Wainai Sadayuki (和井内貞行) was a pioneer known for his contributions to the development of Lake Towada in Akita Prefecture.

==Biography==
Wainai was born in what is now Kazuno, Akita in 1858. He initially began his career in 1881 in the mining industry, then the backbone of Kazuno's economy, working at Kosaka Mines, which worked iron ore deposits at the shore of Lake Towada. At the time, Lake Towada was largely sterile, and the 2500 mine workers had to subsist on dried fish from town. Wainai worked as a guard on the water supply to the mines, and decided to ignore local folklore and superstition against stocking the lake with fish. Starting in 1884, Wainai attempted to introduce 600 salmon fry into Lake Towada. The effort failed, but persevering in the face of multiple setbacks and failures to the extent that he was forced to sell his personal belongings to continue the effort, Wainai finally succeeded in 1903 after a majority of trout fry he had released two years earlier survived. Wainai continued his efforts in following years, establishing a hatchery to attempt to introduce other varieties of fish as well. Today, thanks to Wainai's efforts, princess trout (姫鱒, Himemasu) and many other species flourish in Lake Towada, making it a very popular fishing spot.
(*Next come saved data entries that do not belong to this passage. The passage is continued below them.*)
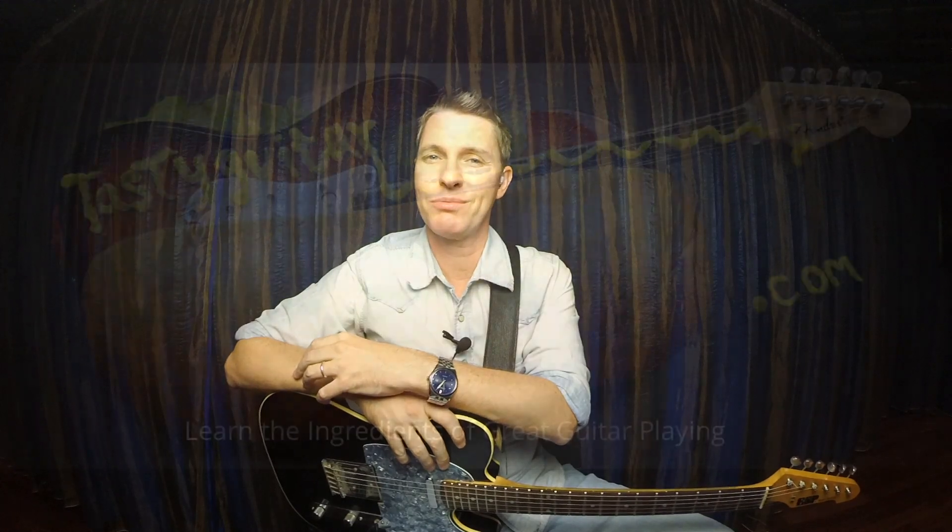Alright guys, thank you so much for stopping by today and checking out these three gospel-inspired chordal licks. I really hope you enjoyed it and can get some great use out of them by putting them into these common chord progressions and giving your rhythm playing some real soul. As always, if you did enjoy the video, please like, subscribe, and share it. Come by TastyGuitar.com where I have a lot of other videos and I do teach private lessons via Skype. This has been Rick — thank you very much.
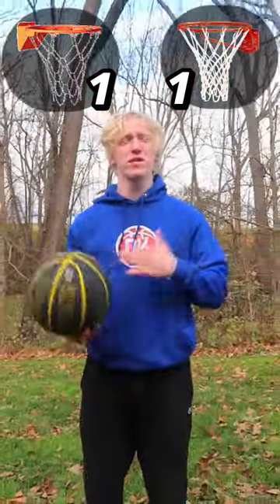After all the challenges, in my opinion, the better net is the normal net. That's just my opinion though — let me know what you guys think.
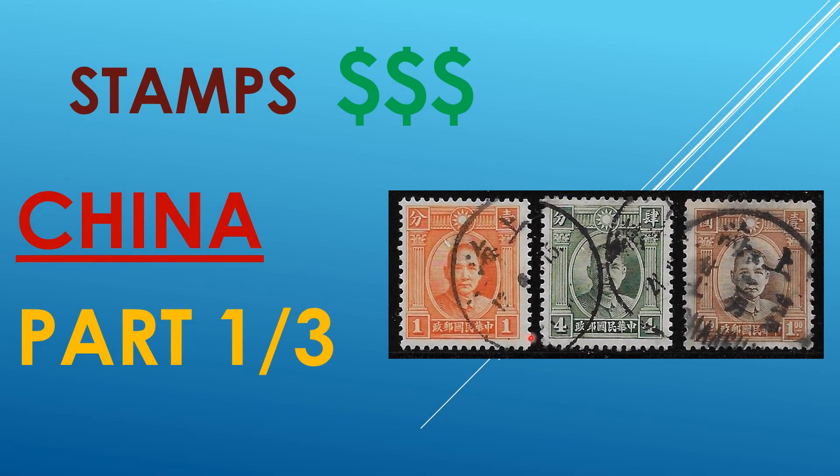In this and two other videos, I wish to talk about some of the numerous differences of a few Chinese stamp series, primarily definitives.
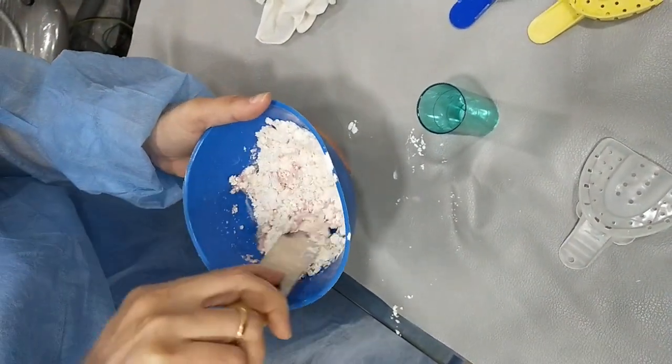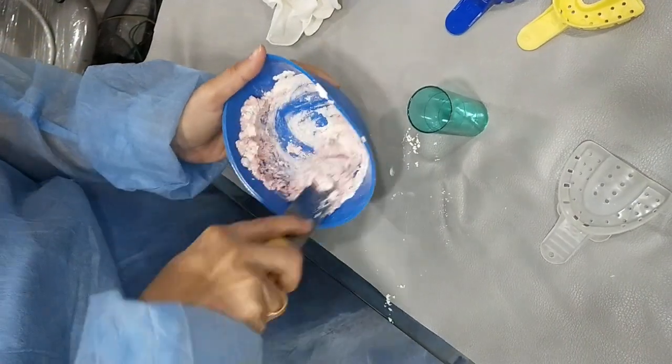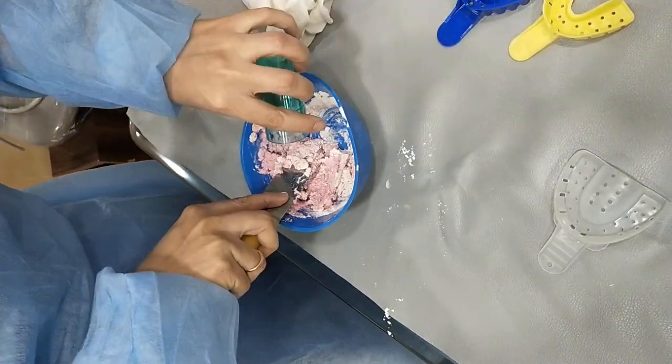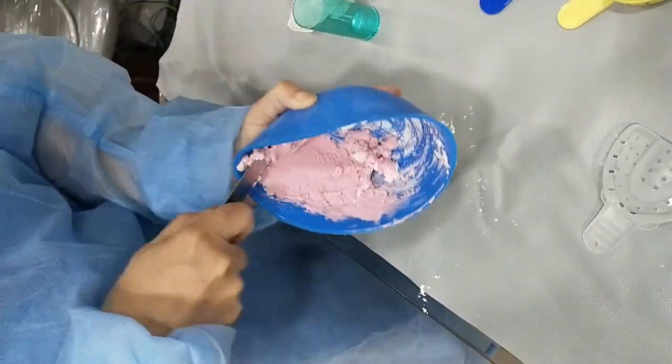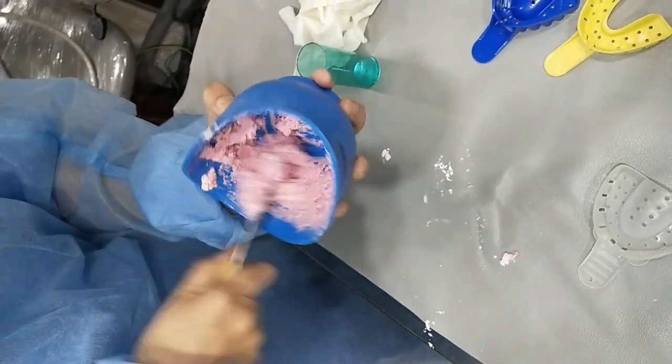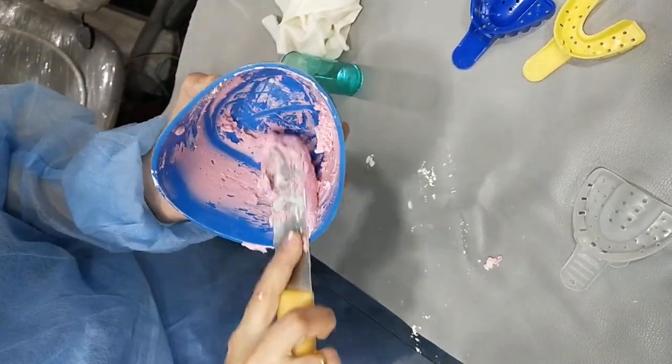So, with this, we commence the mixing of the material. Also, start pressing the material against the walls of the bowl to avoid any air bubbles.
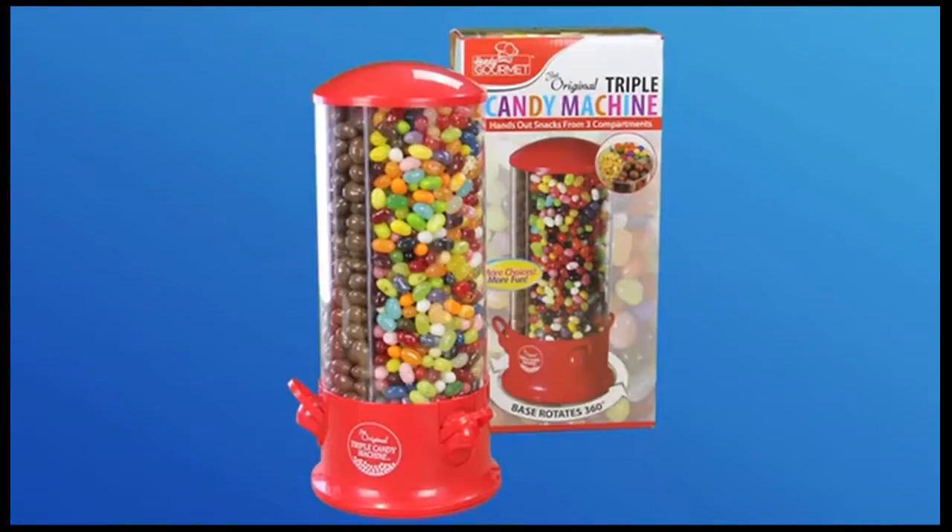The triple candy machine is ideal for your kitchen counter, your desk at work, or wherever you and your loved ones have the munchies. Now we're a family of happy snackers — thanks, Handy!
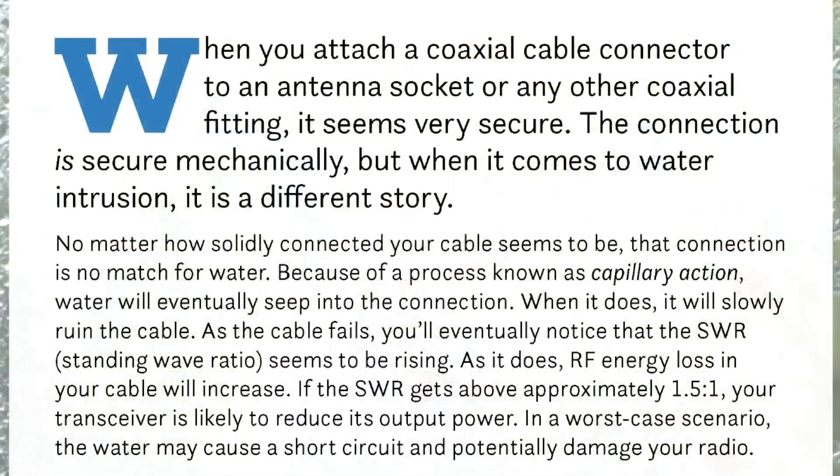A few months ago I mentioned an article in the ARRL publication On the Air, or OTA — a neat magazine with some very interesting articles. One of them caught my attention, and what I'd like to do after I read a couple of sentences from that article is do a test to demonstrate what happens to the SWR as losses in the cable increase. Let's first look at that article and I'll quickly read a couple of sentences right off the top.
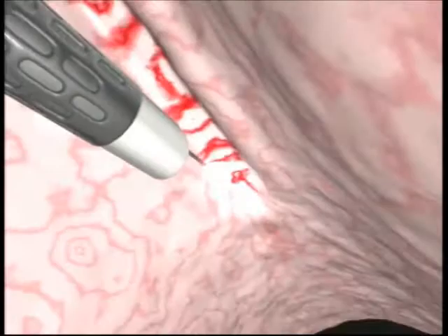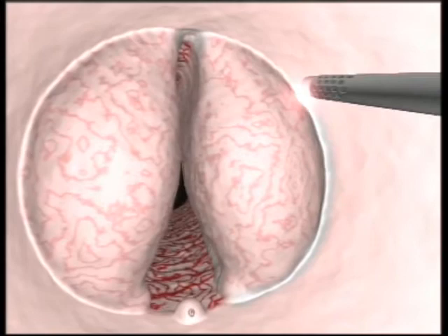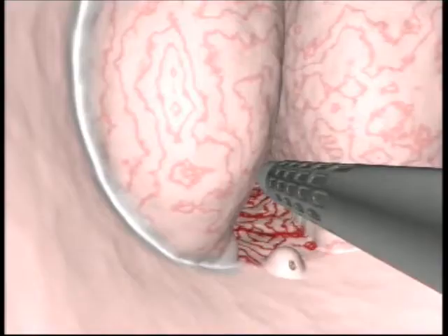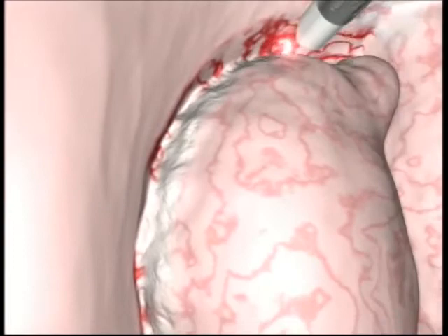A retrograde incision is performed from the bladder neck, from 5 o'clock to the marker at 12 o'clock, thus delimiting the lateral lobes. We then proceed with a 180-degree rotation of the resectorscope, which is used to lift and push the lobe medially in order to expose the plane of dissection.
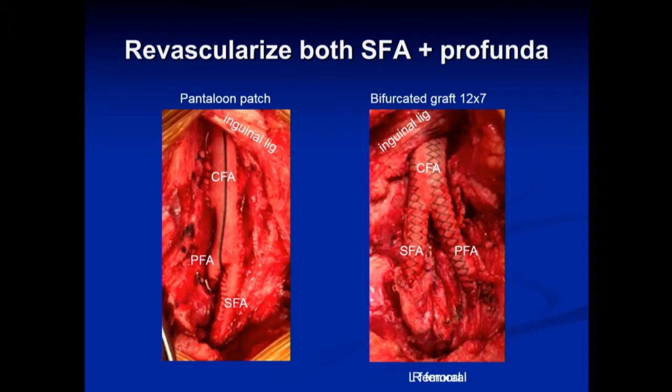I like to perform endarterectomy and make sure we revascularize both the profunda and the SFA. Personally, I like to open up the entire artery and go past all of the disease onto the SFA and onto the profunda, no matter how far that is. You can see a large Dacron patch where I take a V out of the bottom and make a pantaloon out of it, suturing at the crotch of the bifurcation — that way you can revascularize both the profunda and the SFA.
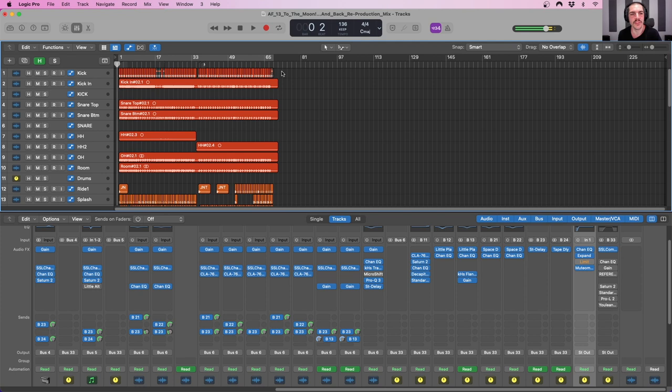Here we are inside of Logic Pro. The song that we will be working on today is one of my own, called To The Moon and Back. This is off of my album Memes and Dreams. I'll leave a link to that in the description box down below if you are interested in listening on whatever streaming service you prefer.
Wainai also opened the Wainai Towadako Hotel in 1916 and is also known for promoting Lake Towada as one of the top tourist destinations in Tōhoku Region. He led legal efforts to preserve the lake and its surrounding natural environment, which eventually resulted in the proclamation of Towada National Park in 1936.

After his death in 1922, Wainai's spirit was enshrined in the Wainai Jinja, a Shinto shrine located in Kosaka, Akita near the lake in acknowledgment for his works.